======== INPUT DATA

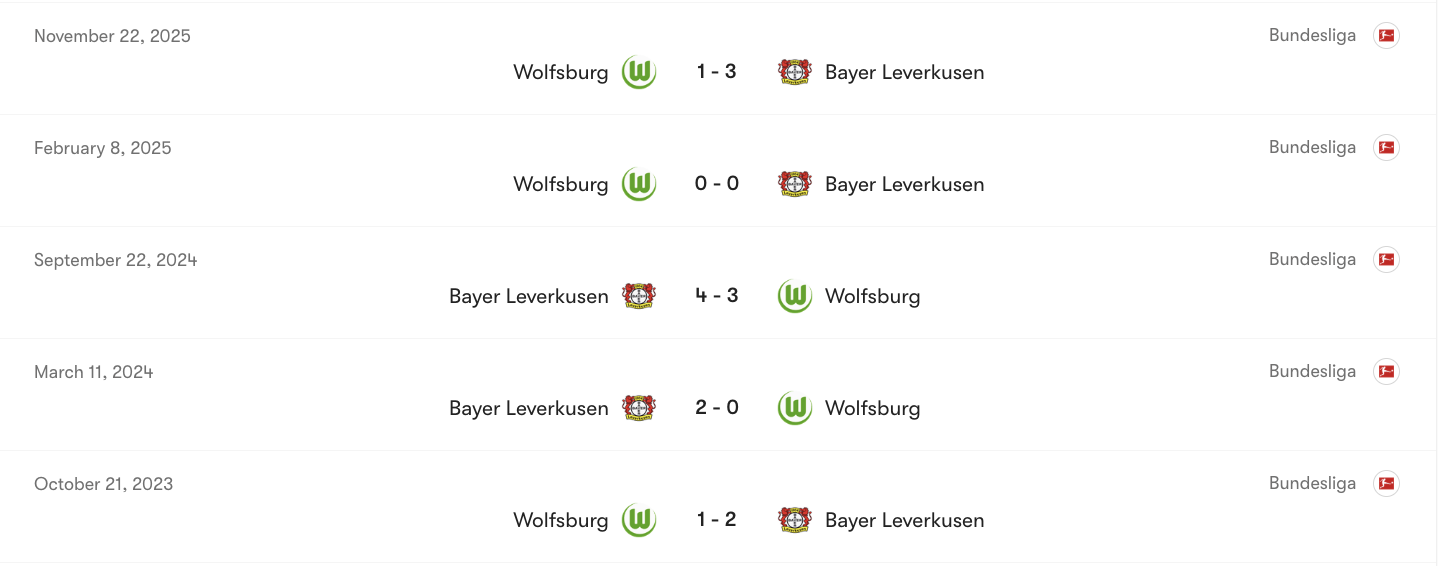 Thành tích đối đầu giữa Leverkusen vs Wolfsburg | Keolive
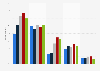 Breakdown of importance given to book reading in France 2015, by age
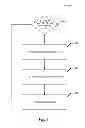 Fig. 06 - Intelligent P-GW relocation for SIPTO service continuity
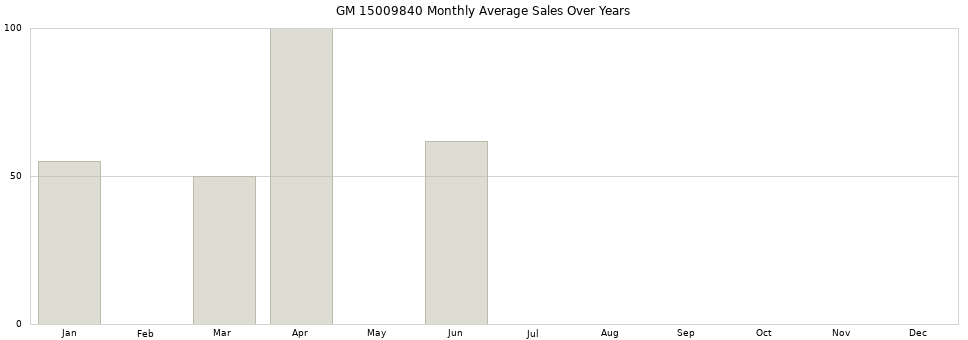 GM 15009840 monthly average sales over years from 2014 to 2020.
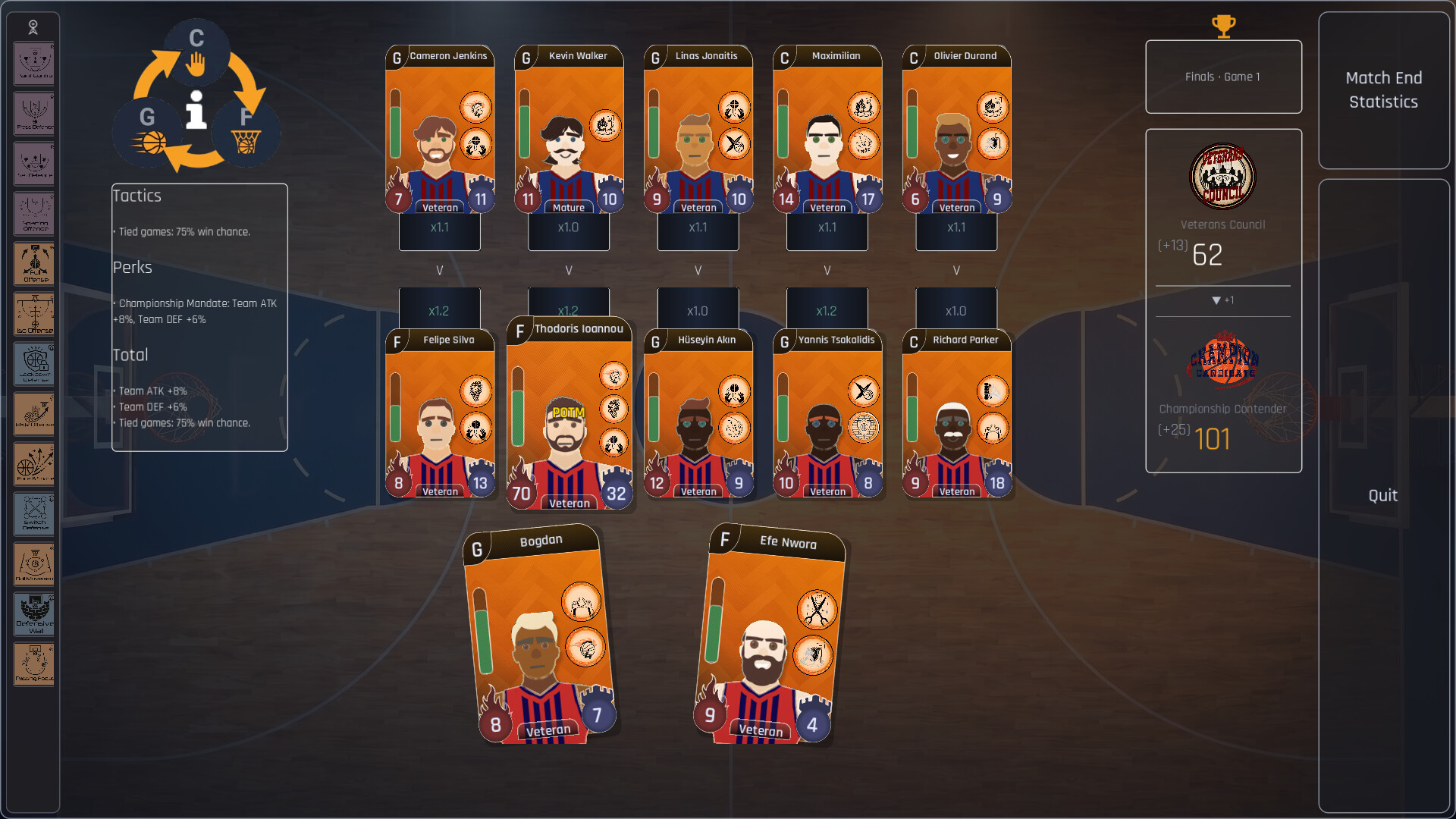 Dynasty Basketball Manager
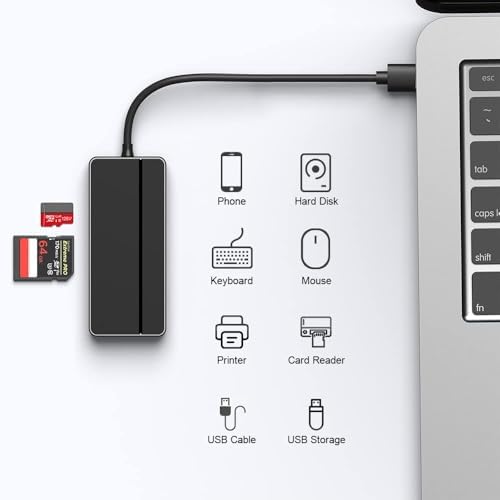 Ultra-Slim 4-Port USB 3.0 Hub – High-Speed Data Transfer Up to 5 Gbps | Compact USB Splitter for PC, Laptop, Chromebook, PS4 & Xbox | LED Indicator, Enhanced Compatibility | Perfect for Multitasking on the Go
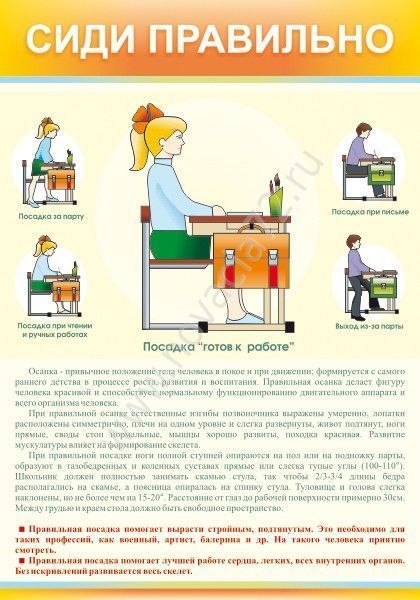 Писать или рисовать картину — как правильно?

================

- [PROMPT] The copy should hold only the lines from the one with "Fig. 06 - Intelligent" through the one with "Dynasty Basketball Manager", exactly as they stand above. Leave out the pictures.

- [TASK SOLUTION]
 Fig. 06 - Intelligent P-GW relocation for SIPTO service continuity
 GM 15009840 monthly average sales over years from 2014 to 2020.
 Dynasty Basketball Manager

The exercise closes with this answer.